Both universities and funders should accordingly mandate deposit of
all peer-reviewed final drafts (postprints), in each author's own
university IR, immediately upon acceptance for publication, for
institutional and funder record-keeping purposes. Access to that
immediate postprint deposit in the author's university IR may be set
immediately as Open Access if copyright conditions allow; otherwise
access can be set as Closed Access, pending copyright negotiations or
embargoes. All the rest of the conditions described by universities
and funders should accordingly apply only to the timing and copyright
conditions for setting open access to those deposits, not to the
depositing itself, its locus or its timing.

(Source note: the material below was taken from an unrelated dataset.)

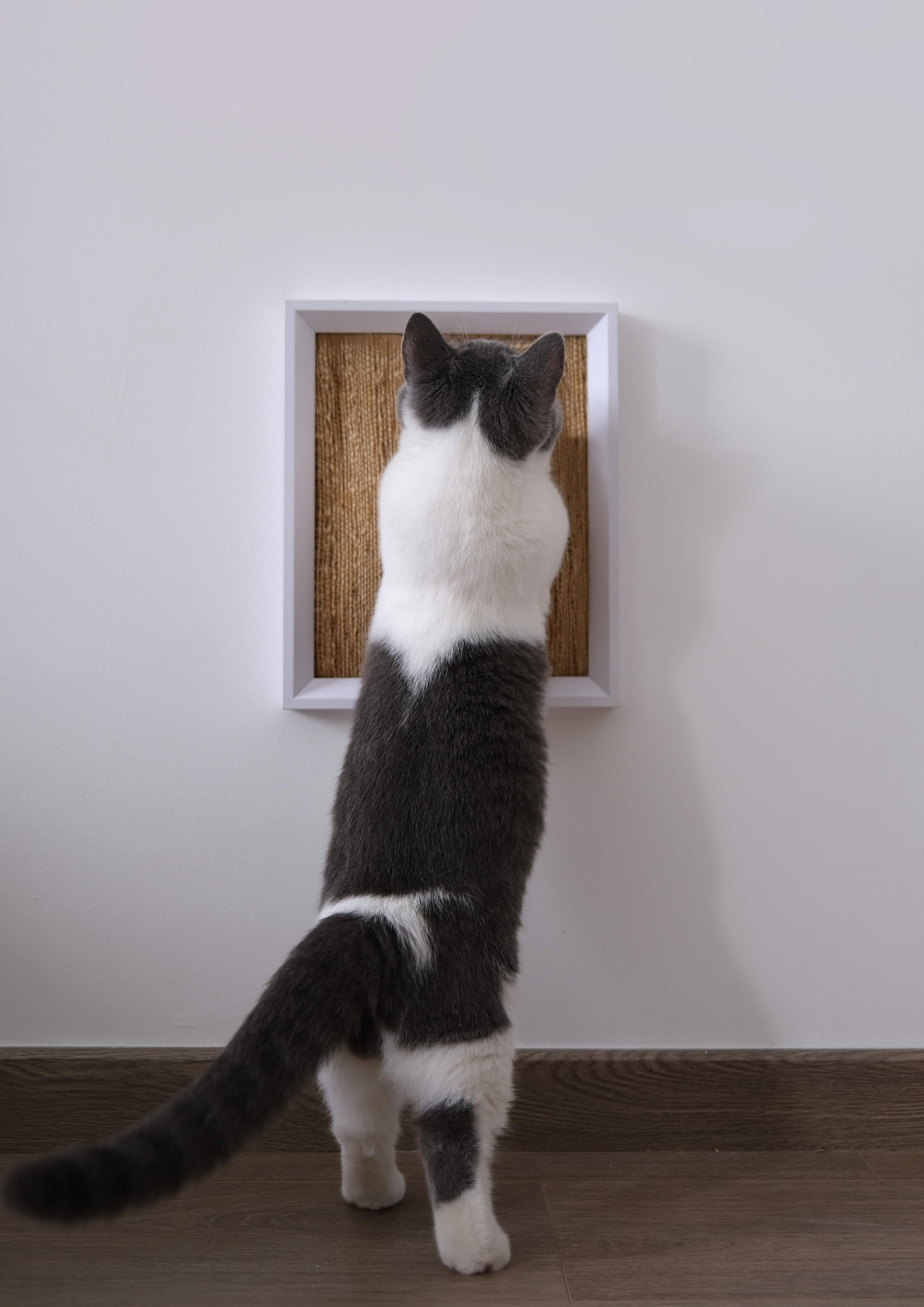 print，mark，Cat scratch board，process，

      As a result, (1) there will be a common deposit locus for all
research output worldwide; (2) university mandates will reinforce and
monitor compliance with funder mandates; (3) funder mandates will
reinforce university mandates; (4)
legal details concerning open-access provision, copyright and
embargoes will be applied independently of deposit itself, on a case
by case basis, according to the conditions of each mandate; (5)
opt-outs will apply only to copyright negotiations, not to deposit
itself, nor its timing; and (6) any central OA repositories can then
harvest the postprints from the authors' IRs under the agreed
conditions at the agreed time, if they wish.